猫も歩けば...

― はてなダイアリーより引っ越してきました ―

ルソーについての「中間報告」

 更新が半月空いてしまいました。すみません。
 忙しかったり、なかなかネットに接続できなかったりという事情が主な理由ですが、前回、社会契約論とナショナリズムなどという大きい話題を振りすぎて、風呂敷をどう閉じようかと考えあぐねていたということもあります。
 ルソーの『社会契約論』も含めて、社会契約論に関係のありそうなものやなさそうなものを非系統的に読んだりして、考えてはいるのですが、やっぱり難しいですね。
 とりあえず、ルソーが「民族的な要素」をまったく考えに入れていなかったわけでもなさそうだということはわかりました。

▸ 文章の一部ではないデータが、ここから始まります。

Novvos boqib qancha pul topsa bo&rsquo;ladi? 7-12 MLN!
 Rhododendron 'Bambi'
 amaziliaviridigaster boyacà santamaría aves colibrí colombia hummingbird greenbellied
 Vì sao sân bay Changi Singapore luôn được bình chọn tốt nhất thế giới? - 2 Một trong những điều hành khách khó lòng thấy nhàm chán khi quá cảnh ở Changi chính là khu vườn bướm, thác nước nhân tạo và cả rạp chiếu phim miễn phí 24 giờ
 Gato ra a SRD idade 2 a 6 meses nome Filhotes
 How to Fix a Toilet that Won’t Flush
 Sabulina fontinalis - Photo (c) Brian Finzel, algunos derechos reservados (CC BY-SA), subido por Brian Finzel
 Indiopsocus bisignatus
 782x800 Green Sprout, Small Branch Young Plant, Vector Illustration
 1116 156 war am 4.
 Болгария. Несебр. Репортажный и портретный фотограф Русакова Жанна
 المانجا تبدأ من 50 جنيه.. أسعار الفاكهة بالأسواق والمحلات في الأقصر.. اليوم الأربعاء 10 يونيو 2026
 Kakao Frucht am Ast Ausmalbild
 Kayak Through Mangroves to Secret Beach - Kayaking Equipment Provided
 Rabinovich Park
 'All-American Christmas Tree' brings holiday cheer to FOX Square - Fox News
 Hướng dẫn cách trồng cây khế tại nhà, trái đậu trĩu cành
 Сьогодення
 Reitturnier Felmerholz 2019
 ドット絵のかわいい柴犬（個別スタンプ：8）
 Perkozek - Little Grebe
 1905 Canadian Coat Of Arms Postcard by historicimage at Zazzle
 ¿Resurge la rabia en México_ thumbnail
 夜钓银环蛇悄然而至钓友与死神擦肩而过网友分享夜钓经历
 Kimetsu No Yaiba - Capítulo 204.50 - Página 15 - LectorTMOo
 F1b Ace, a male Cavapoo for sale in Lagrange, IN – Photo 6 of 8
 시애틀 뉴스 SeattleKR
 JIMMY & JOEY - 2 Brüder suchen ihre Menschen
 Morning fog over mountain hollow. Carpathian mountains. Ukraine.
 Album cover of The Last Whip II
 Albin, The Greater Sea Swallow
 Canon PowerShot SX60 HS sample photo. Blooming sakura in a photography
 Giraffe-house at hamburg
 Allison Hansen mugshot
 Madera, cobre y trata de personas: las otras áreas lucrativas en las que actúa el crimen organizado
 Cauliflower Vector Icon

ただ、それは、「民族」が、生まれ、活発な少年時代を経て大人になり、やがて年老いていくという、人間の一生のサイクルに似た経歴をたどるという「民族」観の下で書かれていて、やはり、文化や共同意識、共通の歴史的体験などで結ばれた今日の「民族」の観念とは異なるように思います。
 また、ルソーは、何でも「一般意志(一般意思)」から説明しようとしているのではなく、「ルソーといえば一般意志」という思いこみから見ると、ずいぶん「一般意志」の出番を限定しているという印象もあります。
 いま『社会契約論』の第2巻の途中まで読んでいて、そこまでの「中間報告」として、そんなことを感じている、といったところです。